After these steps you should have the following file tree:

  WD
    |-- engine-1.0\
       |-- NGSPipesEngineExecutor\ 
          |-- NGSPipesEngineExecutor.vbox
          |-- NGSPipesEngineExecutor.vdi
       |-- bin\
          |-- engine        (CUI OSX/Linux run script)
          |-- engine.bat    (CUI Window run script)
          |-- engine-ui     (GUI OSX/Linux run script)
          |-- engine-ui.bat (GUI Window run script)
       |-- lib\
          |-- ...
    |-- (other files, e.g. the pipeline description)

Run the Engine for workstation

The engine is provided as a console application or a graphical user interface application.

command line tool

This is a regular Java application packed as a JAR file. To run, use the following command line at the working directory (WD):

Windows:

c:\WD>engine-1.0\bin\engine.bat <mandatory arguments> [<optional arguments>]

OSX/Linux

user@machine:/home/WD$ engine-1.0/bin/engine <mandatory arguments> [<optional arguments>]

Parameters
  • The command line tool has the following mandatory parameters :

-pipes Relative ou absolute path of the pipeline description (mandatory). This file must be a .pipes extension file, where the pipeline is written using the NGSPipes language.

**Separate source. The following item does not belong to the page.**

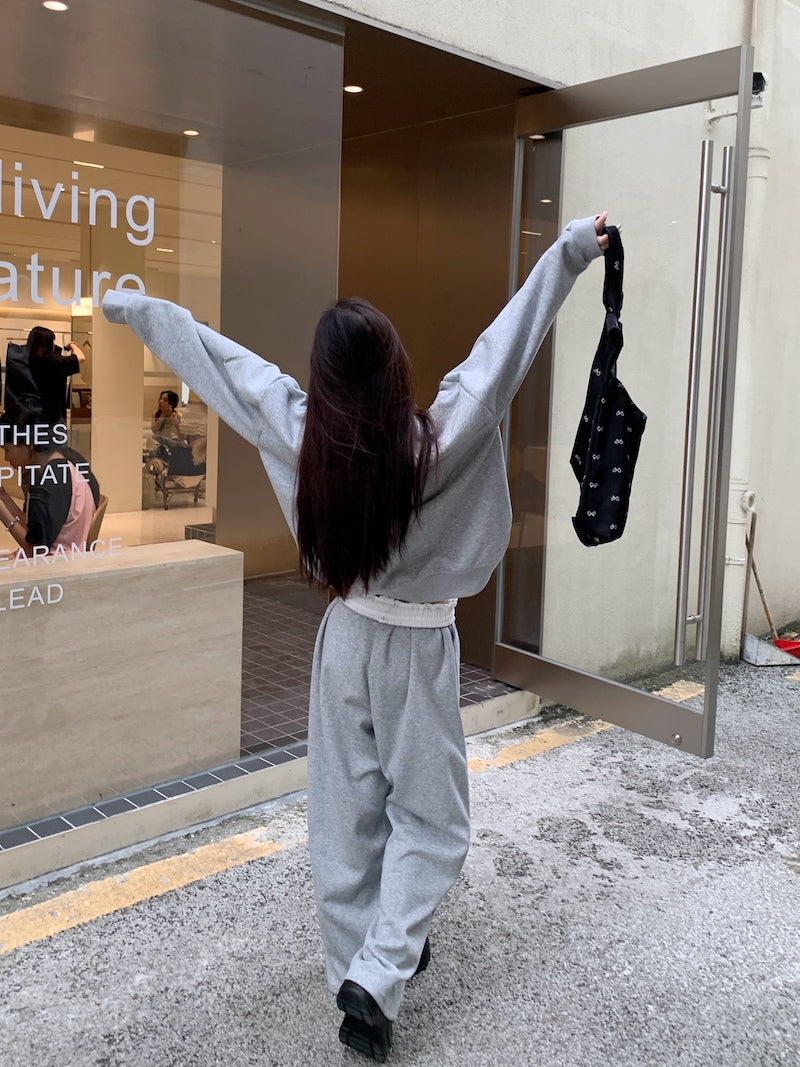 【set】プリント長袖パーカー+ガウチョパンツ2点セットG22937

-in Absolute path at the user machine where the input data files are located (mandatory).

-out Absolute path at the user machine where the output data file will be placed (mandatory).

  • The command line tool has the following optional parameters :

-cpus Assigned cores. Default is 2 CPUs.

-mem Assigned memory (in Gigabytes). If not present, the number of gigabytes allocated to the engine will be inferred by analyzing the tools in the pipeline.

-from Initial pipeline step. If not present, the first step will be executed.

-to Final pipeline step. If not present, the pipeline will execute all the steps.

-executor Executor image name. If not present, uses the image located at WD/NGSPipesEngineExecutor.

Example

A small example with only manadatory arguments (a more complete description is presented in the subsection “Use case”.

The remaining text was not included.